(Beginning of Data under study)

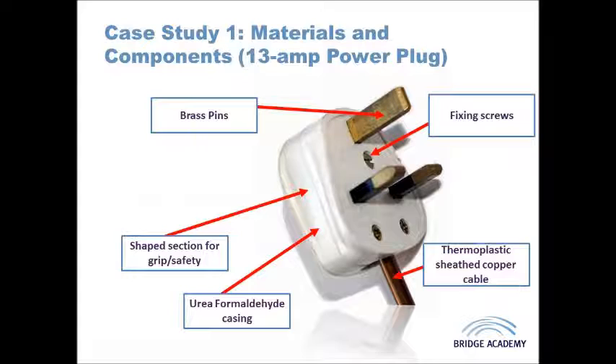Inside the plug you can see three different cables. There are various guides moulded in that allow the cables to route to the correct sections of the plug, and these are secured in place by clamps and screws. The brass inserts join those electrical components together.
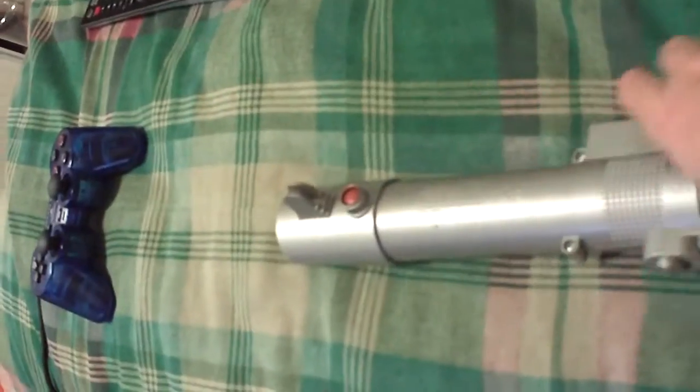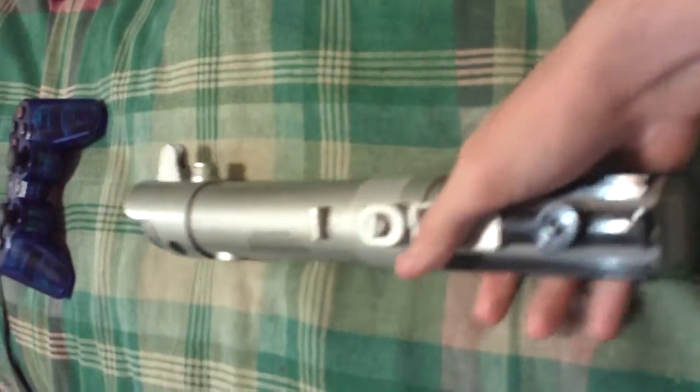One bad thing is you cannot pull the button to make it go back in like a real lightsaber. You have to push it back in with your hand. And it takes three double A's to power it.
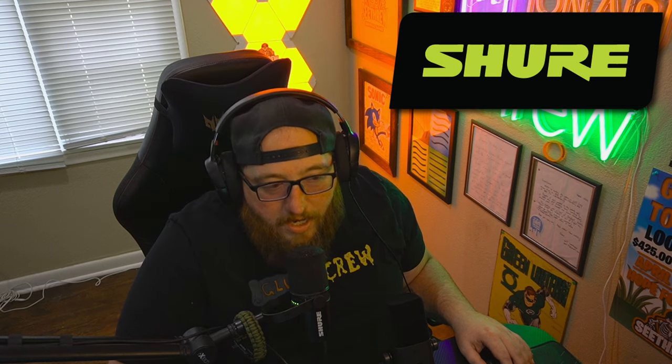First, we have the Shure MV7 with absolutely no filters, no post-processing, no pre-processing — no processing at all. This is plain jane. This is my normal talking voice, although I am a little sick still. I literally Googled what is a good phrase to test microphones, so here we go: 'The small pup gnawed a hole in the sock.' 'The fish twisted and turned on the bent hook.' 'Press the pants and sew a button on the vest.' Those are some plain phrases between the two microphones.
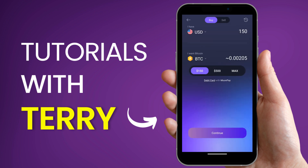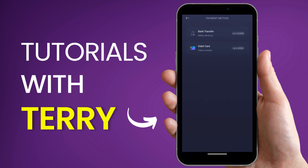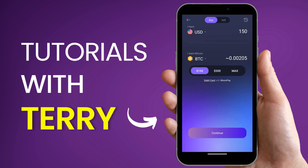Verify that it's Bitcoin you'll be using. Looking down, you can see the debit card option with MoonPay. Click on debit card and you can choose between bank transfer or debit card — we're going to select debit card with MoonPay.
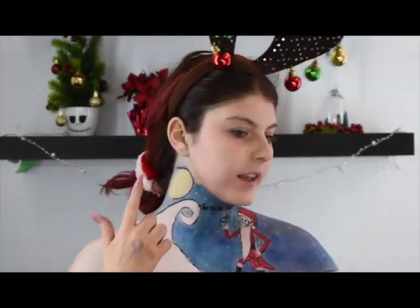So we have this part all on — the little Jack, the night sky, the moon, the snowy hill. Love how it turned out! So now we're going to be doing the face base.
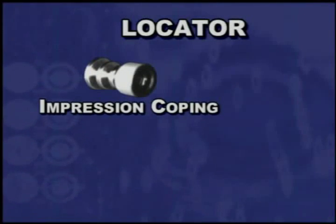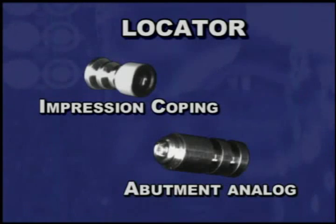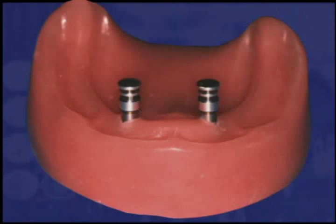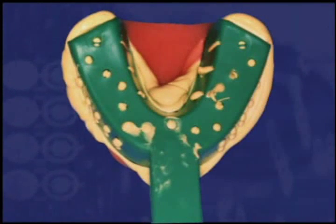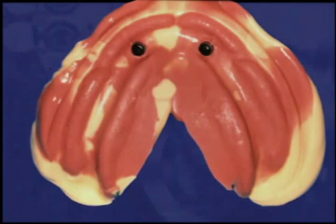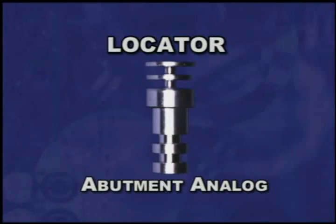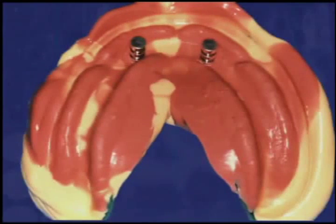A locator impression coping and abutment analog are used for the indirect processing of the denture cap male by the dental laboratory. Place a locator impression coping onto each locator implant abutment. Inject a light body vinyl impression material around each impression coping, then take a complete impression using a firm body impression material. The locator impression coping is designed with minimum retention to be picked up with the completed impression. The locator abutment analog is designed with a very precise fit into the impression coping, allowing for an accurate transfer for the working model. Snap a locator abutment analog into each impression coping, making sure they are fully seated.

(End of Data under study)

> _What you need to do_: Your answer must be the entries repeated exactly, with no pictures.

> _Written solution_:
Inside the plug you can see three different cables. There are various guides moulded in that allow the cables to route to the correct sections of the plug, and these are secured in place by clamps and screws. The brass inserts join those electrical components together.
One bad thing is you cannot pull the button to make it go back in like a real lightsaber. You have to push it back in with your hand. And it takes three double A's to power it.
First, we have the Shure MV7 with absolutely no filters, no post-processing, no pre-processing — no processing at all. This is plain jane. This is my normal talking voice, although I am a little sick still. I literally Googled what is a good phrase to test microphones, so here we go: 'The small pup gnawed a hole in the sock.' 'The fish twisted and turned on the bent hook.' 'Press the pants and sew a button on the vest.' Those are some plain phrases between the two microphones.
Verify that it's Bitcoin you'll be using. Looking down, you can see the debit card option with MoonPay. Click on debit card and you can choose between bank transfer or debit card — we're going to select debit card with MoonPay.
So we have this part all on — the little Jack, the night sky, the moon, the snowy hill. Love how it turned out! So now we're going to be doing the face base.
A locator impression coping and abutment analog are used for the indirect processing of the denture cap male by the dental laboratory. Place a locator impression coping onto each locator implant abutment. Inject a light body vinyl impression material around each impression coping, then take a complete impression using a firm body impression material. The locator impression coping is designed with minimum retention to be picked up with the completed impression. The locator abutment analog is designed with a very precise fit into the impression coping, allowing for an accurate transfer for the working model. Snap a locator abutment analog into each impression coping, making sure they are fully seated.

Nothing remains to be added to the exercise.